Men still make the arrangements. Women still wait to be asked. Yet many of us would like things to be different. There were hints of this hunger for change in the way both men and women described their dating behaviour to me. Almost invariably, they played down the gender differences.
When women talk about the moves they do make, they strive to show that they have some control over what happens. A woman will emphasize the potency of her glances, gestures, smiles. She’ll claim her signals are crystal clear. She’ll describe how she’ll cross a crowded room to talk to an appealing stranger, and how she’ll touch the man before he touches her, or put her arm round him.
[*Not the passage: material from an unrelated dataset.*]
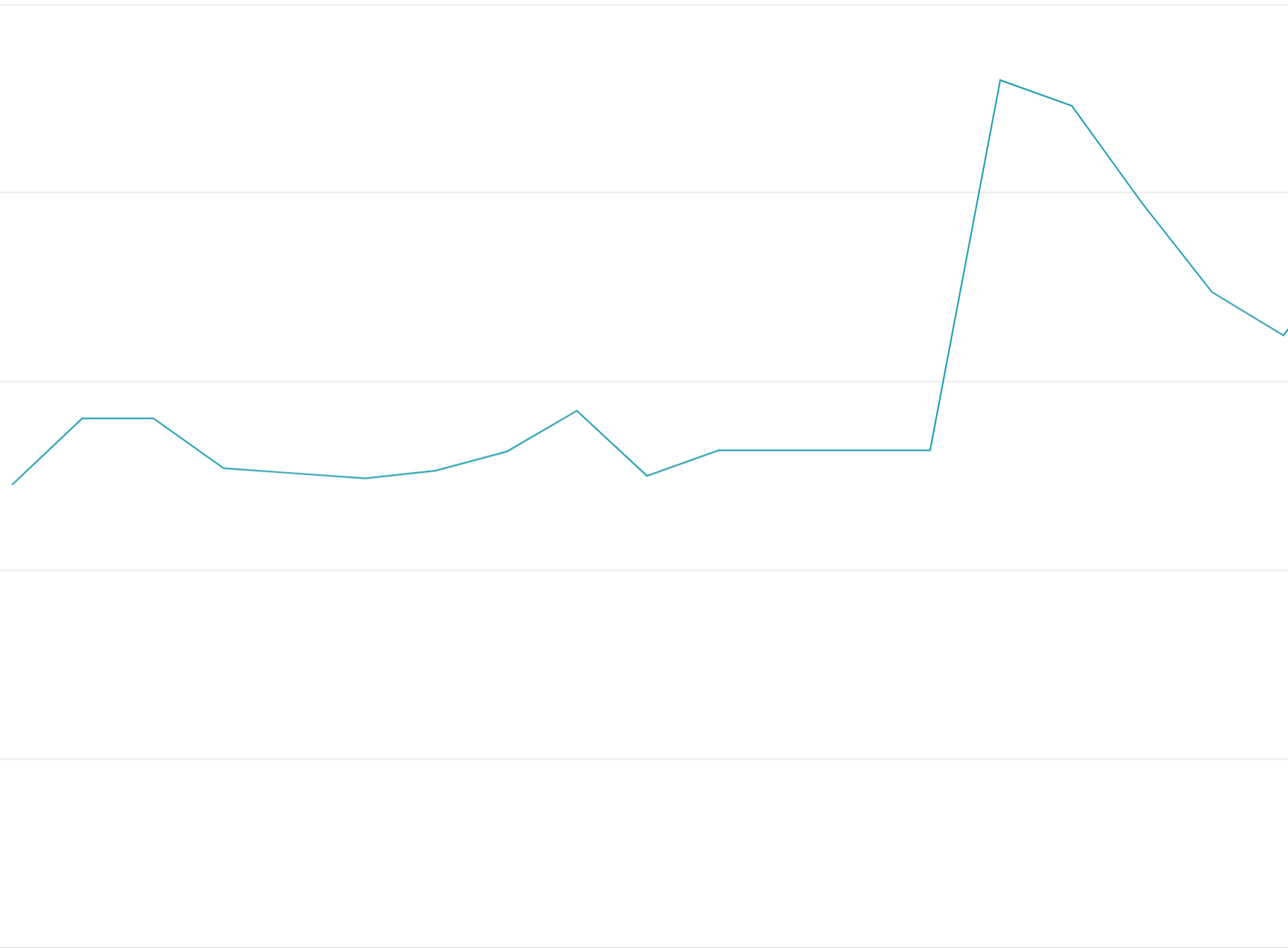 Un gráfico de líneas que muestra un pico abrupto.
The behaviours that women present as examples of making the first move usually fall within the parameters of the traditional script. For instance, touching first – a light touch on the shoulder or arm – has tended to be the woman’s prerogative. Initiatives like this that women do take are often open to interpretation. She goes up to him and starts talking. Is it flirtation or friendship? She puts her arm round his shoulders. A sexual move – or a warm affectionate hug? These initiatives are indirect: it’s not obvious what they mean. And because they’re ambiguous, they’re a lot less risky than the traditional male initiatives – an invitation to dinner, a kiss on the lips. This distinction was clearly recognized by Rowena, who said, ‘If you open your eyes wide at someone, you can pretend it wasn’t really happening if it all goes wrong. But if you went and said, “Can you come to the cinema with me on Friday?” and he said no, you’d feel pathetic.’
Yet the fact that women highlight the moves that we do make shows how ready we are to move on. Women today are well aware of the rewards for sexual assertion. ‘Passive’ is a dirty word: no woman wants to be seen as passive in her sexual behaviour, and many of us would love to be more confident and innovative in our sex lives. I suspect that we put such stress on the active parts of our courtship behaviour because we yearn for more control at the start of our sexual relationships.
Men also tended to present themselves as thoroughly egalitarian. Men told me that yes, of course, it was fine for women to ask them out, it was a thoroughly good thing, they didn’t go in for this man-the-hunter act anyway. They said they were sure it was happening a lot, because it had happened to them – though, on probing, I usually found that they’d been approached only once or twice, while they’d approached large numbers of women themselves. They also stressed how tentative they were in their traditional male role and how difficult they found it: they told me how few risks they took, how shy they were, how they waited till they were sure.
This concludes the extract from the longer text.